Elsewhere on the web I’ve seen other modellers recommend using a scribing blade manufactured by Olfa:
Described by Olfa as:
“Heavy-Duty Plastic/Laminate Blade, 3-pack (PB-800)”
I’m going to buy some to try out. Normally when I scribe my own siding I simply use a straight edge and a pin held in my pin vise and mark out a million little dots on whatever I’m scribing. Then line up the straight edge and drag along it to scribe the line. All that marking out can be a pain (and yes, I realise that does sound like I’m scripting a TV commercial!) and my mind started to wander to other ideas. As I’ve mentioned before I’m a pretty big fan of printed templates and I tend to try and incorporate a number of them in my modelling. Then it hit me: Why not print out a siding template and tape that to a piece of styrene and forget all about ever marking out that sheet again?!
How do I see it working?
First I’d need to know what I’m scribing. I’ve always got a bunch of projects in my mind and half-finished on my workbench so what’s one more? I’d like to actually start a box car shell to further wade tentatively into the waters of modelling the PEIR in On30. I think I could base this car on the same premise of some other narrow gauge cars I have nice plans for already. From those drawings I could measure the exact width of the panelling. Then over to AutoCAD I could simply draw a hundred, or so, paralell lines on a sheet of paper. Given the magic of digital drafting I could actually space them correctly apart. This is new for me, usually I have to cheat a little depending on the accuracy of the ruler I’m marking out my sheet with – if the smallest unit is multiples of 0.5mm then that’s the multiple I use for my siding.

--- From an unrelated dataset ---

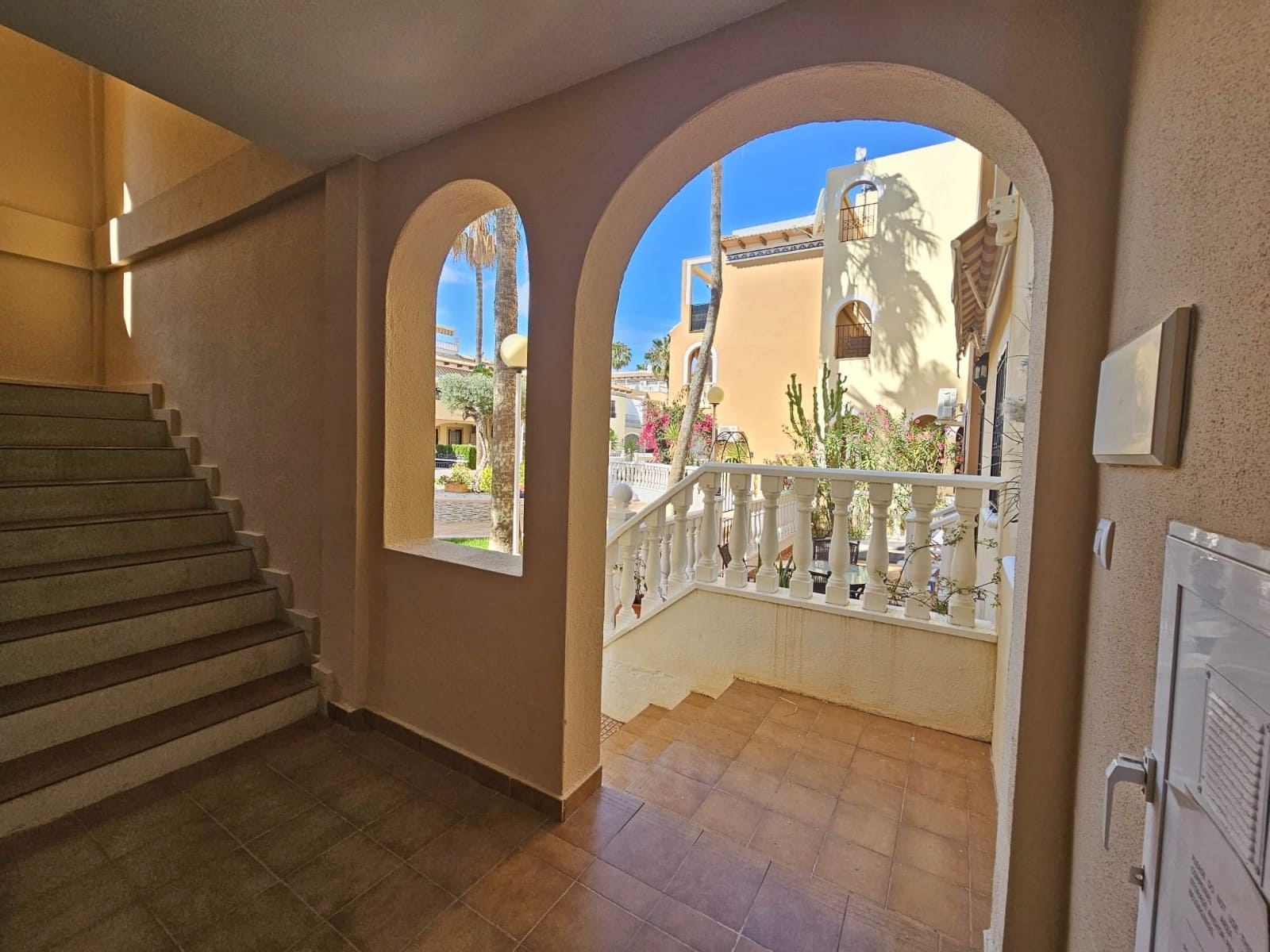 2 sovrum Strandlägenhet till salu i Los Alcazares med pool - 215 000 € (Ref: 9629809)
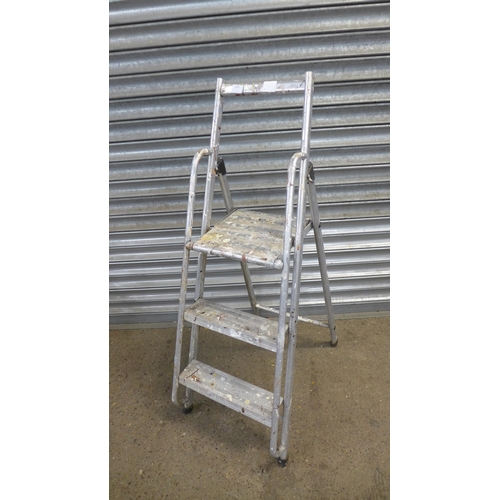 2202 - An aluminium 5 rung step ladder, an aluminium 2 rung step ladder and an aluminium 3 rung step ladder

Once that sheet is printed off I could tape it to the top of a new sheet of styrene. Since we can’t scribe nicely “through” a sheet of paper I’d just cut the centre portion of the sheet out altogether leaving behind the ends of the lines still taped to the sheet. Then all I have to do is line up the straight edge and take that handy new Olfa blade and scribe away. This should work really, really well.
I’ll try this idea this weekend and post some more pictures to try and better illustrate the idea.